### PROBLEM STATEMENT
Below are some entries. Transcribe the lines from the one holding "Modern American Soho" to the one holding "デニム中濃加工 モデル:155cm F着用", inclusive, but not the pictures among them.

** Opening EXTRACTED DATA block **

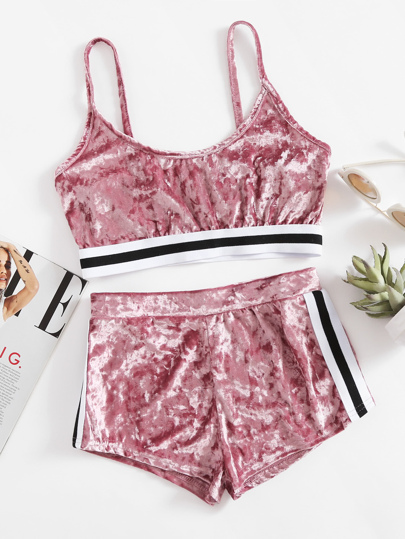 Velvet Stripe Trim Crop Cami Top With Shorts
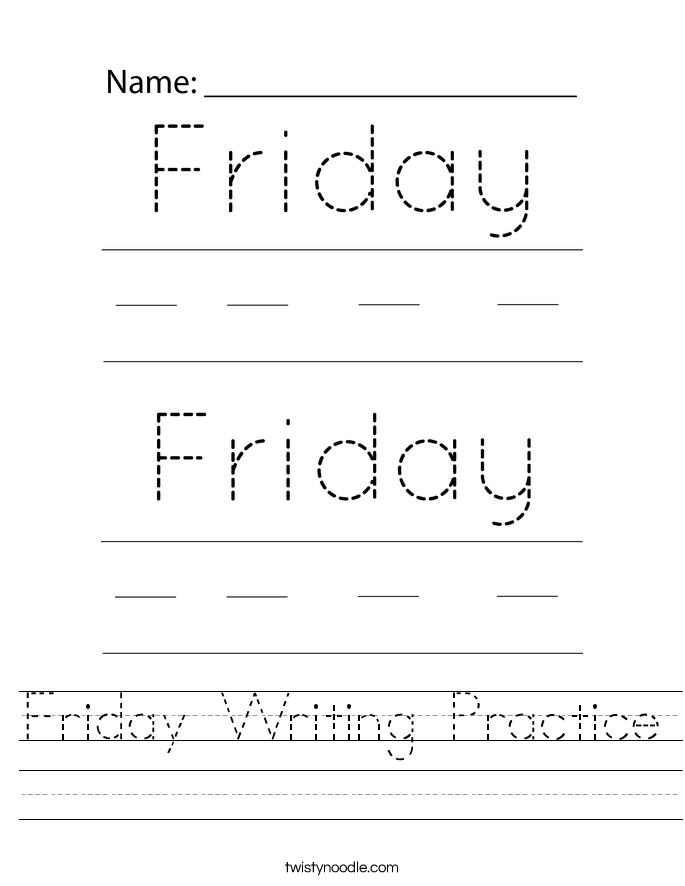 Friday Writing Practice Worksheet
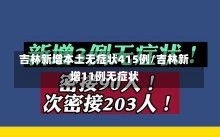 吉林新增本土无症状415例/吉林新增11例无症状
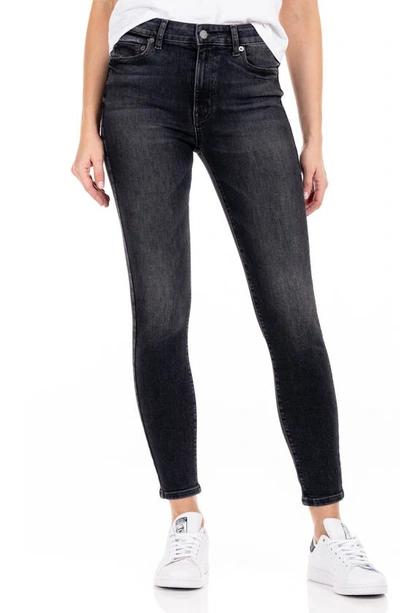 Modern American Soho High Waist Ankle Skinny Jeans In Black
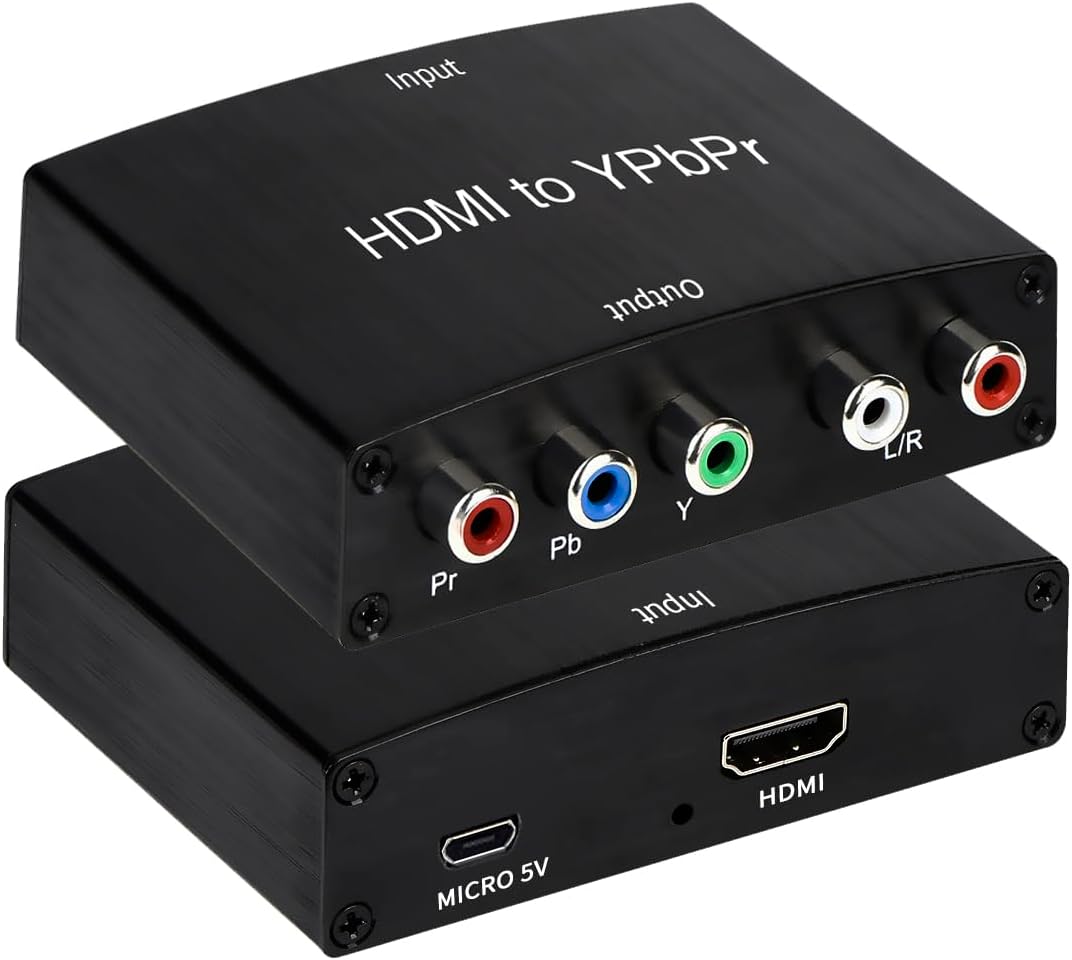 5RCA V1.4 PS4, 360 HDMI to Component Converter, HDMI to YPbPr RGB + R/L Converter with R/L Audio Output Support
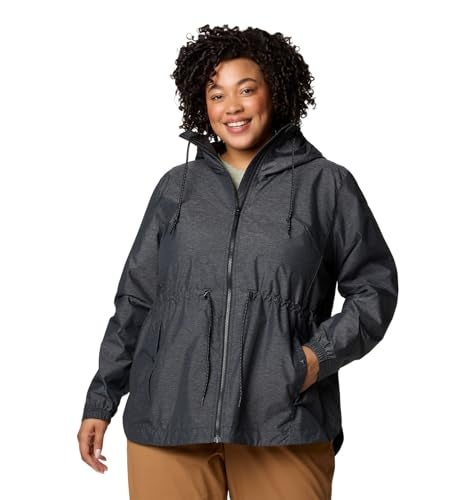 Columbia Womens Lillian Ridge II Waterproof Rain Jacket, Black, Large - Image 1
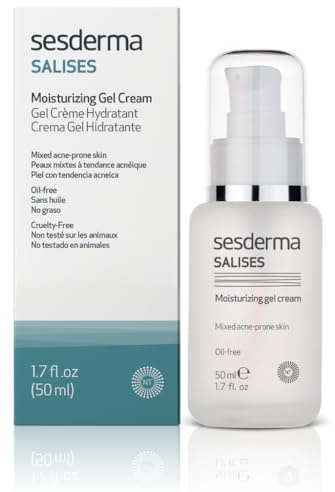 SESDERMA | Salises Feuchtigkeitscreme-Gel | zu Akne Neigende Haut | Fettige Haut | Mischhaut | Salicylsäure | Echte Aloe | Hydratation, Turkis, Weiß, 50 ml (1er Pack)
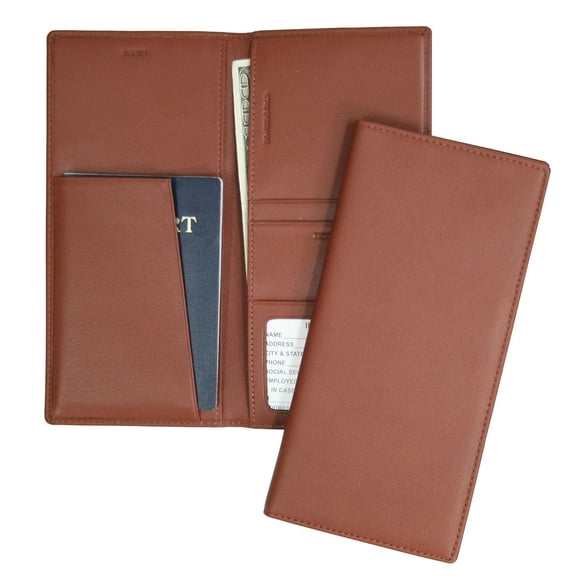 Organizador de pasaporte y boletos Royce Leather con bloqueo RFID, color tan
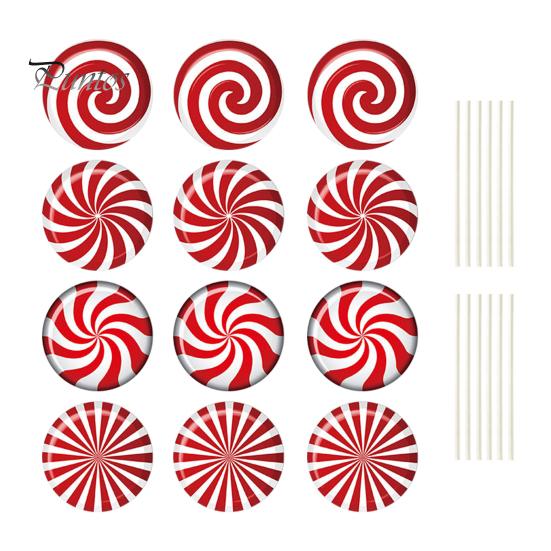 Reusable Outdoor Christmas Ornaments 12Pcs Candy Yard Stakes, Hollow Board Garden Decor with Metal Spikes, Easy Install Lawn Signs Red White Green for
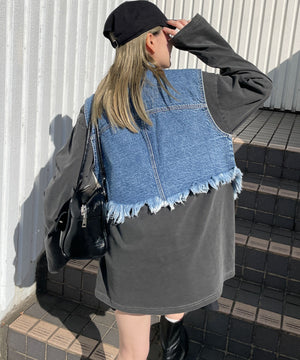 デニム中濃加工 モデル:155cm F着用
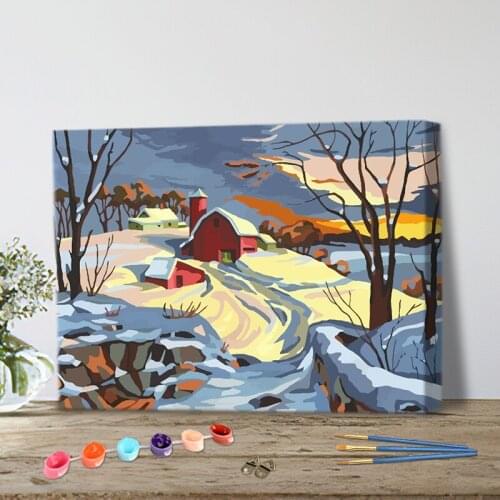 CHENISTORY Picture By Numbers Snow House Acrylic Drawing Canvas Picture For Adults Winter Scenery Home Decoration Gift Wall Art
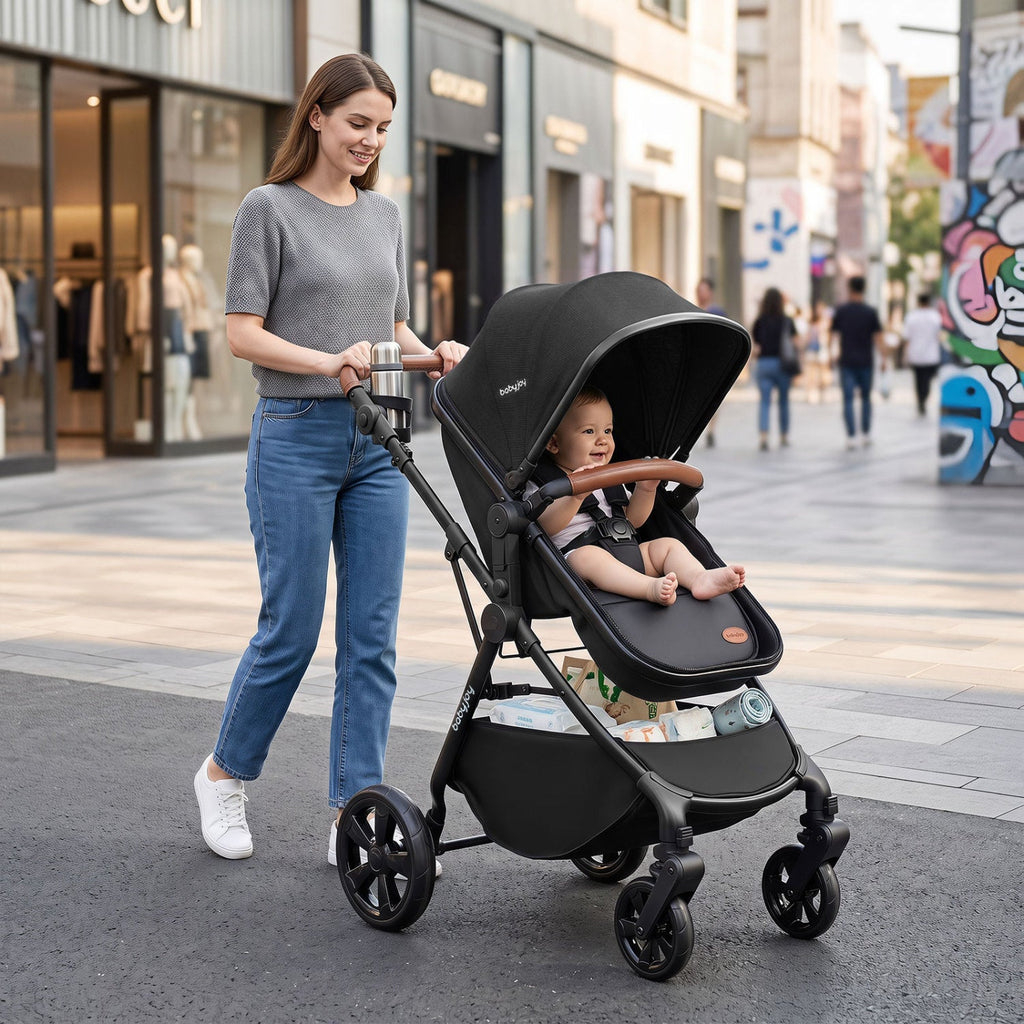2-in-1 Convertible Baby Stroller with Car Seat Adapters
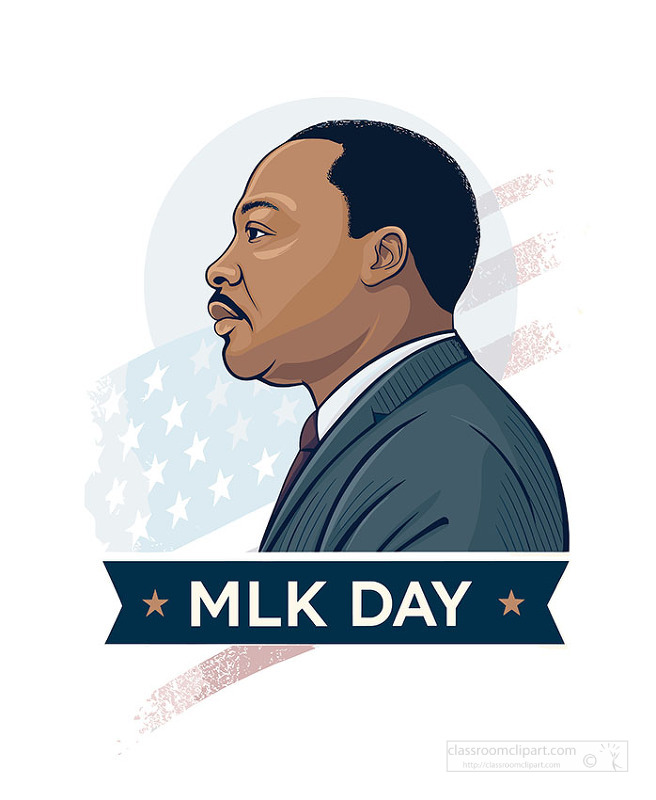 Detailed side profile vector portrait of a civil rights leader with patriotic background and MLK Day banner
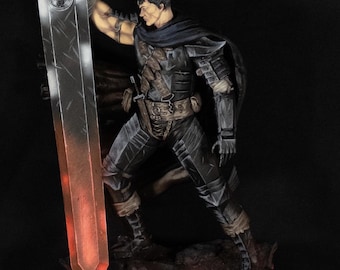 May include: A detailed figurine of a warrior in black armour, holding a large sword with a glowing red blade. The figure is posed dynamically on a rocky base with red accents, set against a dark background. The warrior has short black hair and a determined expression.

** Closing EXTRACTED DATA block **

### SOLUTION FOR THIS TASK
 Modern American Soho High Waist Ankle Skinny Jeans In Black
 5RCA V1.4 PS4, 360 HDMI to Component Converter, HDMI to YPbPr RGB + R/L Converter with R/L Audio Output Support
 Columbia Womens Lillian Ridge II Waterproof Rain Jacket, Black, Large - Image 1
 SESDERMA | Salises Feuchtigkeitscreme-Gel | zu Akne Neigende Haut | Fettige Haut | Mischhaut | Salicylsäure | Echte Aloe | Hydratation, Turkis, Weiß, 50 ml (1er Pack)
 Organizador de pasaporte y boletos Royce Leather con bloqueo RFID, color tan
 Reusable Outdoor Christmas Ornaments 12Pcs Candy Yard Stakes, Hollow Board Garden Decor with Metal Spikes, Easy Install Lawn Signs Red White Green for
 デニム中濃加工 モデル:155cm F着用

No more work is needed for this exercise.